# [Supplied information]
******************************

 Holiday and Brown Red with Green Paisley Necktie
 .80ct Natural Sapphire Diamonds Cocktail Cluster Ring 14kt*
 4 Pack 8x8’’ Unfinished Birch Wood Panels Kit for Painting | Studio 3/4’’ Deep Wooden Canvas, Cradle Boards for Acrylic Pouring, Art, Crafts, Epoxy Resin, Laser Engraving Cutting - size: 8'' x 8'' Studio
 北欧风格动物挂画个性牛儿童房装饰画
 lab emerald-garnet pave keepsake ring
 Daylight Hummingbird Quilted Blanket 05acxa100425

******************************

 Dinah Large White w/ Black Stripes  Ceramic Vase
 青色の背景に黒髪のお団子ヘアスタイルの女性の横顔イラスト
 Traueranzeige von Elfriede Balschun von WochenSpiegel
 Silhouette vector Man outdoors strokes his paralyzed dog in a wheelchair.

******************************

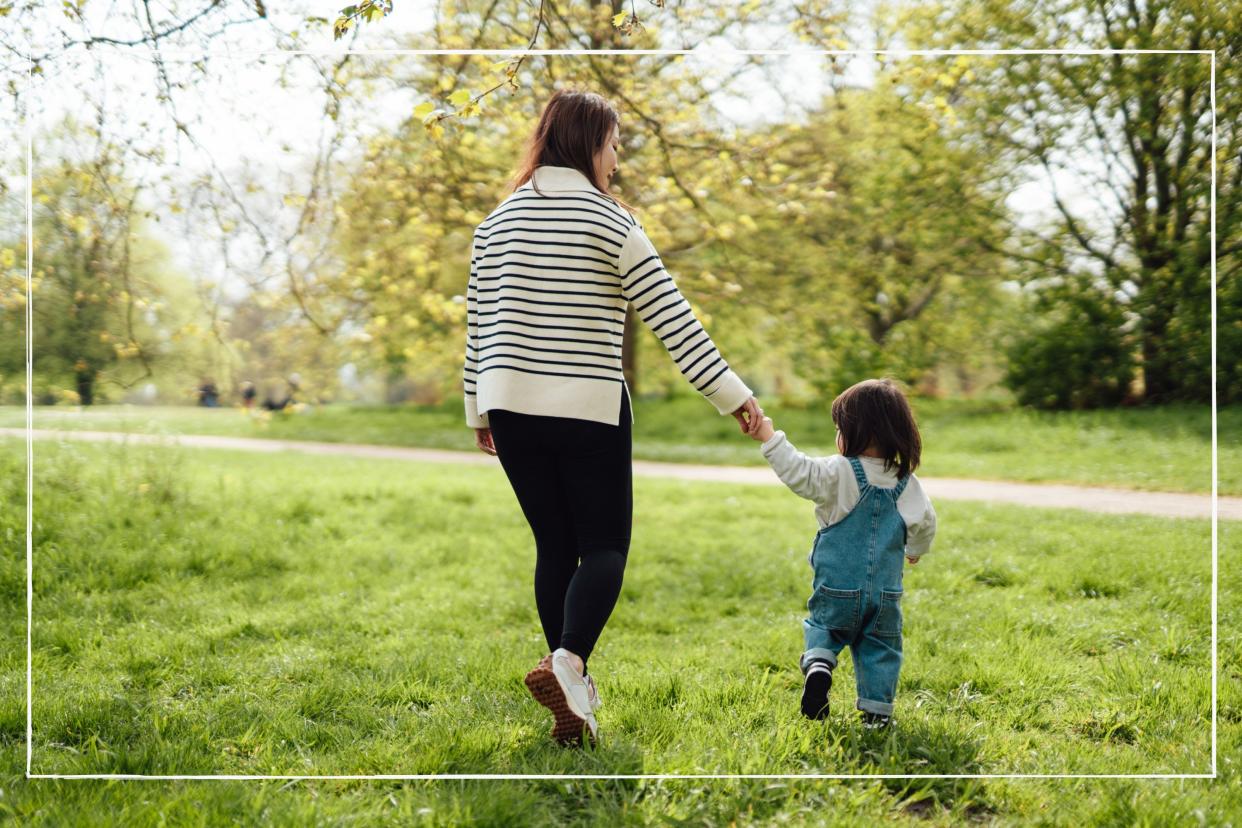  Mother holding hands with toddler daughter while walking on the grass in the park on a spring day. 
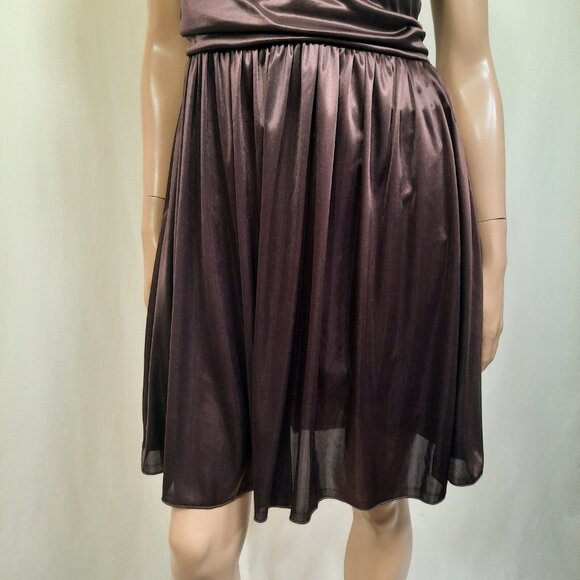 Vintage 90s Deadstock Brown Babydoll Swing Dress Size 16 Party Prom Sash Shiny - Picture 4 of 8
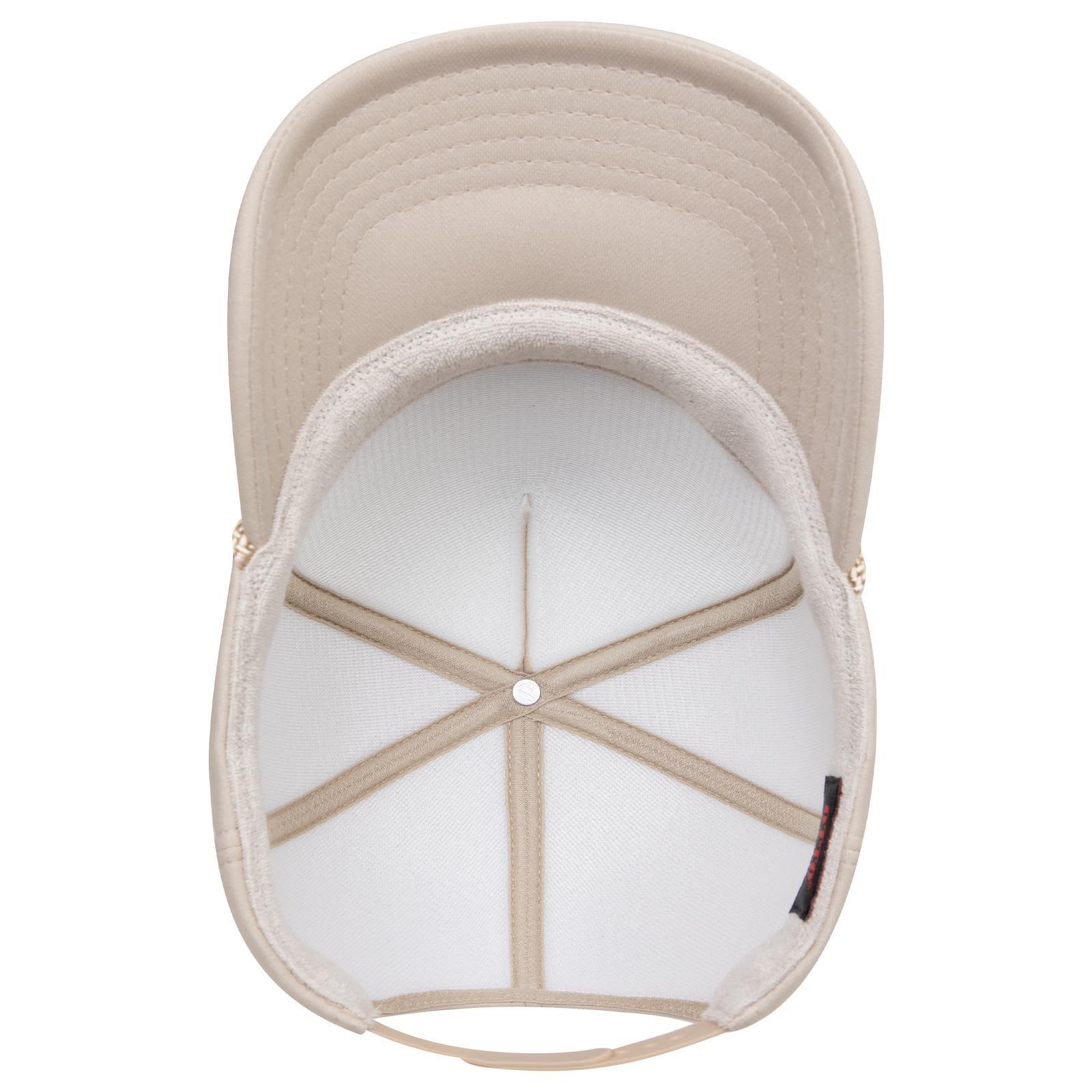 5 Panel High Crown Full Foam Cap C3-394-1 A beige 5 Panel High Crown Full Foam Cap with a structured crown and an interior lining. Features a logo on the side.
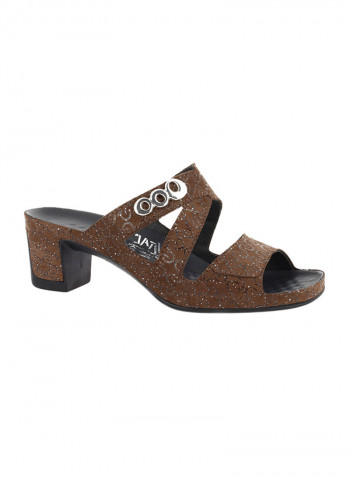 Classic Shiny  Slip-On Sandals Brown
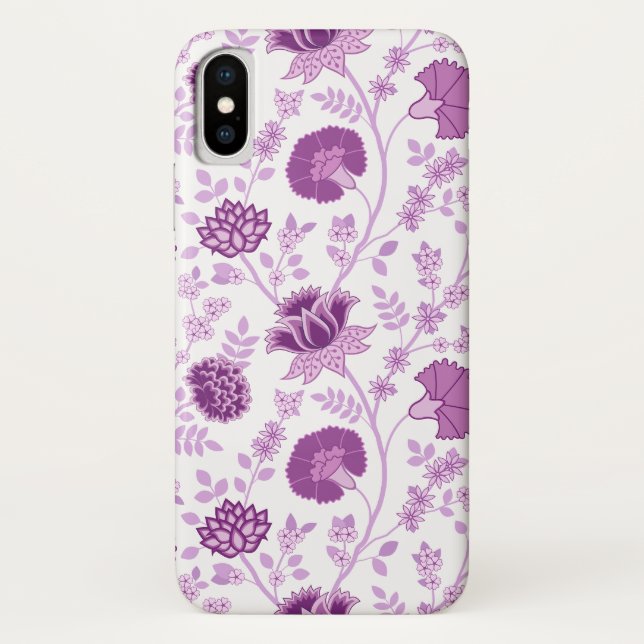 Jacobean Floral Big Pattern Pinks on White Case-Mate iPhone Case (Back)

******************************

Output exactly the lines of the listing above that start with the one holding "Vintage 90s Deadstock" and go on through the one holding "Jacobean Floral Big"; leave the pictures out.

 Vintage 90s Deadstock Brown Babydoll Swing Dress Size 16 Party Prom Sash Shiny - Picture 4 of 8
 5 Panel High Crown Full Foam Cap C3-394-1 A beige 5 Panel High Crown Full Foam Cap with a structured crown and an interior lining. Features a logo on the side.
 Classic Shiny  Slip-On Sandals Brown
 Jacobean Floral Big Pattern Pinks on White Case-Mate iPhone Case (Back)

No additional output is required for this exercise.